A document describes a methodology for designing fault-protection (FP) software for autonomous spacecraft. The methodology embodies and extends established engineering practices in the technical discipline of Fault Detection, Diagnosis, Mitigation, and Recovery; and has been successfully implemented in the Deep Impact Spacecraft, a NASA Discovery mission. Based on established concepts of Fault Monitors and Responses, this FP methodology extends the notion of Opinion, Symptom, Alarm (aka Fault), and Response with numerous new notions, sub-notions, software constructs, and logic and timing gates. For example, Monitor generates a RawOpinion, which graduates into Opinion, categorized into no-opinion, acceptable, or unacceptable opinion. RaiseSymptom, ForceSymptom, and ClearSymptom govern the establishment and then mapping to an Alarm (aka Fault). Local Response is distinguished from FP System Response. A 1-to-n and n-to-1 mapping is established among Monitors, Symptoms, and Responses. Responses are categorized by device versus by function. Responses operate in tiers, where the early tiers attempt to resolve the Fault in a localized step-bystep fashion, relegating more system-level response to later tier(s). Recovery actions are gated by epoch recovery timing, enabling strategy, urgency, MaxRetry gate, hardware availability, hazardous versus ordinary fault, and many other priority gates. This methodology is systematic, logical, and uses multiple linked tables, parameter files, and recovery command sequences. The credibility of the FP design is proven via a fault-tree analysis “top-down” approach, and a functional fault-mode-effects-andanalysis via “bottoms-up” approach. Via this process, the mitigation and recovery strategy( s) per Fault Containment Region scope (width versus depth) the FP architecture.

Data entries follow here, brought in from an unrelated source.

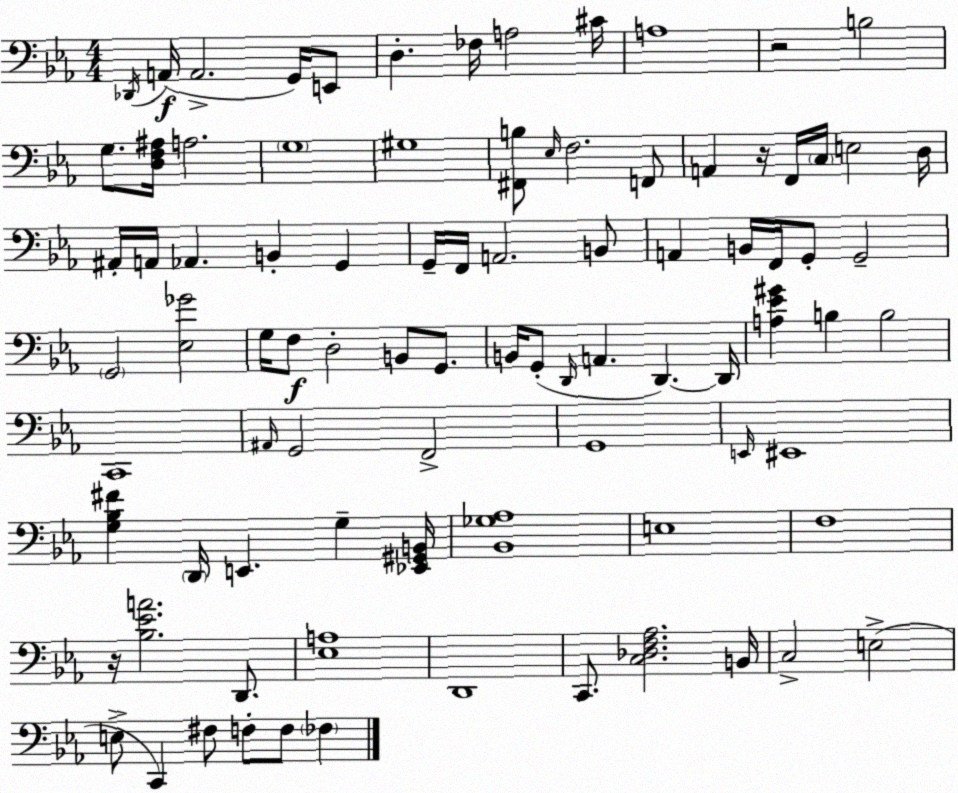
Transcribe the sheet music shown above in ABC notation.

X:1
T:Untitled
M:4/4
L:1/4
K:Eb
_D,,/4 A,,/4 A,,2 G,,/4 E,,/2 D, _F,/4 A,2 ^C/4 A,4 z2 B,2 G,/2 [D,F,^A,]/4 A,2 G,4 ^G,4 [^F,,B,]/2 _E,/4 F,2 F,,/2 A,, z/4 F,,/4 C,/4 E,2 D,/4 ^A,,/4 A,,/4 _A,, B,, G,, G,,/4 F,,/4 A,,2 B,,/2 A,, B,,/4 F,,/4 G,,/2 G,,2 G,,2 [_E,_G]2 G,/4 F,/2 D,2 B,,/2 G,,/2 B,,/4 G,,/2 D,,/4 A,, D,, D,,/4 [A,_E^G] B, B,2 C,,4 ^A,,/4 G,,2 F,,2 G,,4 E,,/4 ^E,,4 [G,_B,^F] D,,/4 E,, G, [_E,,^G,,B,,]/4 [_B,,_G,_A,]4 E,4 F,4 z/4 [_B,_EA]2 D,,/2 [_E,A,]4 D,,4 C,,/2 [C,_D,F,_A,]2 B,,/4 C,2 E,2 E,/2 C,, ^F,/2 F,/2 F,/2 _F,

This work was done by Kevin Barltrop, Jeffrey Levison, and Edwin Kan of Caltech for NASA’s Jet Propulsion Laboratory. For further information, access the Technical Support Package (TSP) free on-line at www.techbriefs.com/tsp under the Information Sciences category.
The software used in this innovation is available for commercial licensing. Please contact Karina Edmonds of the California Institute of Technology at (818) 393-2827. Refer to NPO-41344.
This Brief includes a Technical Support Package (TSP).

Methodology for Designing Fault-Protection Software
(reference NPO-41344) is currently available for download from the TSP library.
Don't have an account?
Overview
The document discusses the methodology for designing fault-protection (FP) software, particularly in the context of the Deep Impact (DI) project, developed by NASA's Jet Propulsion Laboratory (JPL). It emphasizes the importance of FP in ensuring the reliability and safety of spacecraft during missions. The FP design aims to cover all interface faults identified in Fault Containment Regions, as determined by Failure Mode and Effects Analysis (FMEA). The document highlights the balance between comprehensive FP coverage and project resource constraints, which often lead to a compromise in design complexity and cost.
The FP system for DI includes a significant number of components: 49 monitors, 921 symptoms, 667 alarms, and 39 responses. These statistics illustrate the extensive coverage provided by the FP design, which is considered minimal yet adequate by the developers. The design is influenced by previous JPL spacecraft missions, particularly the centralized FP engine approach used in the Deep Space 1 (DS-1) mission, which was both technically sound and cost-effective.
The FP software architecture is characterized by the use of formal state chart notation for defining monitors and responses, allowing for automatic code generation. This automation facilitates the integration of FP with other flight software applications, enhancing efficiency and reducing the potential for human error.
The document also discusses the challenges associated with FP design, including the added complexity that can complicate testing, verification, and operational processes. Despite these challenges, the FP design for DI is described as logical and comprehensible, benefiting from modern tools and automated testing methods. The development process involved extensive collaboration among subsystem engineers, ensuring that the FP system effectively serves as a critical component of the spacecraft's overall engineering.
In conclusion, the FP development in the DI project exemplifies a methodical approach to spacecraft design, integrating lessons learned from past missions while addressing the unique requirements of the current project. The document serves as a valuable resource for understanding the principles and practices of fault protection in aerospace applications, highlighting the ongoing evolution of FP technology in the field of system engineering.